I have auto accident claimants who are involved in a second auto accident while I am pursuing their claim for damages from the first auto accident. How does the second auto accident impact and affect their claim? What should they do?
Infrequently, but not uncommonly, I am handling a claim for damages sustained by my client arising out of being rear-ended while at a stop. The client has soft tissue injuries, whiplash, or lumbar strain. They have been in medical treatment, they are going to physical therapy, and they may have had epidural steroid injections. They are doing much better, but not fully recovered or at maximum medical improvement. Now they are involved in a second rear-end collision and their symptoms are suddenly much worse, they are set back, and they either have new injuries or the existing injuries are made much worse.

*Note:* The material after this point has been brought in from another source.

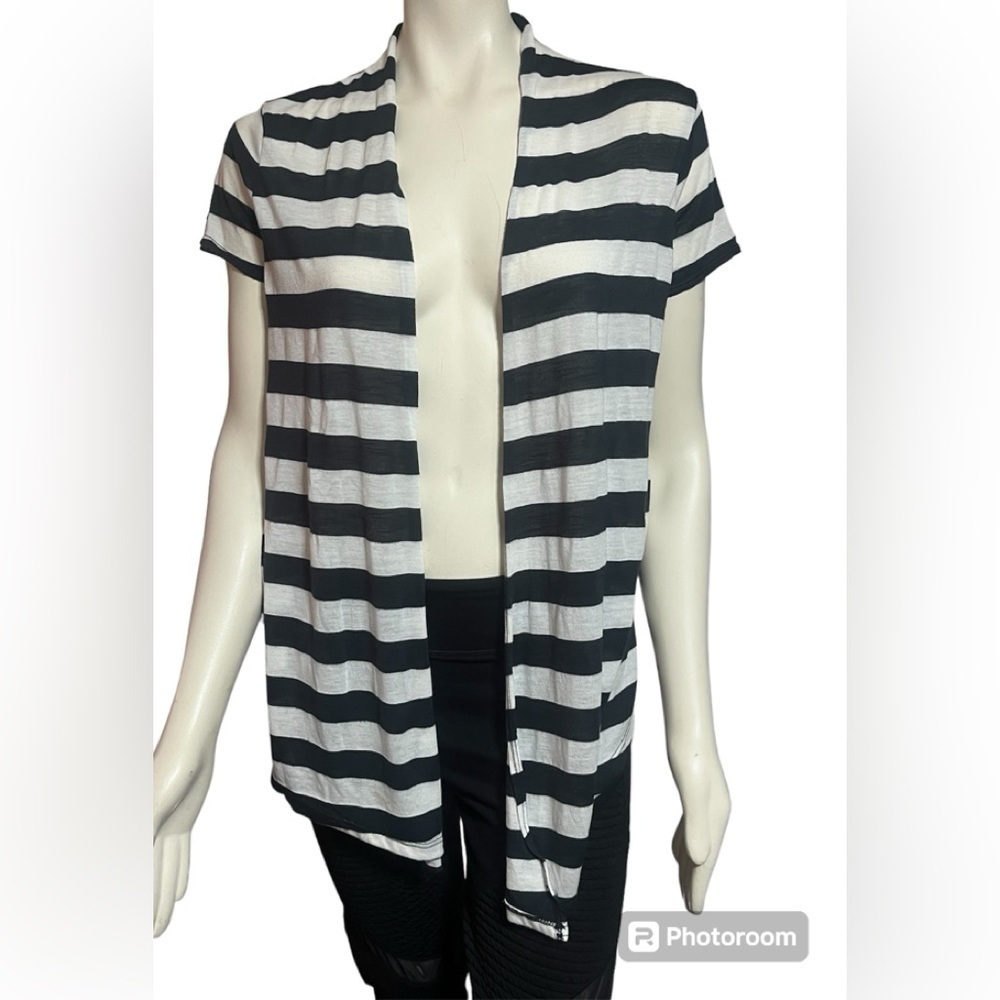 Julie’s Closet Cardigan T-shirt Sz Large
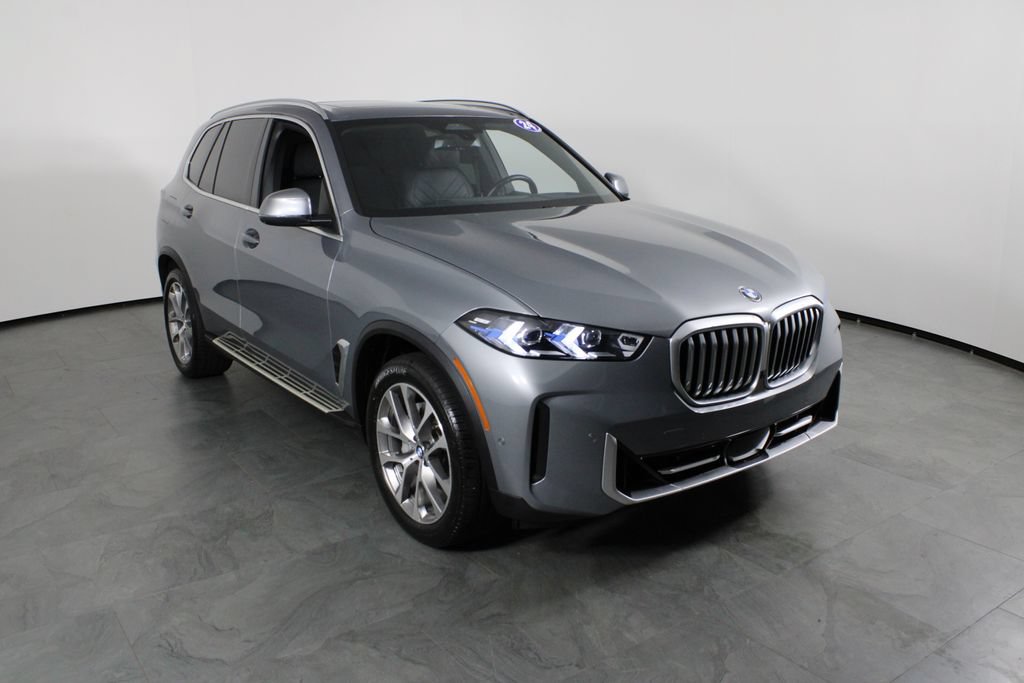 Used 2024 BMW X5 xDrive40i w/ Premium Package AWD/4WD image 4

I recommend that they immediately go back to the physician who last evaluated and treated them prior to the second auto accident to be re-evaluated. The client needs to make sure the treating physician knows exactly what their condition was prior to the second auto accident, and then do a detailed evaluation and document any and all changes that signify that a new injury has occurred or that the healing process of the first injury was disrupted and that the first injury has been exacerbated. This re-evaluation needs to occur as soon as possible.
I always make a claim against the insurance carrier for the party whose negligence caused the second auto accident. As soon as the insurance carrier for the party whose negligence caused the first auto accident learns of the second auto accident, that insurance carrier will point the finger of blame at the insurance carrier for the second accident and the insurance carrier for the second accident will point the finger of blame at the insurance carrier for the driver whose negligence caused the first injury. At this point, it is inevitable to me that a lawsuit is necessary. I recommend that the negligent drivers in both the first and second auto accident be sued, and march to a jury trial.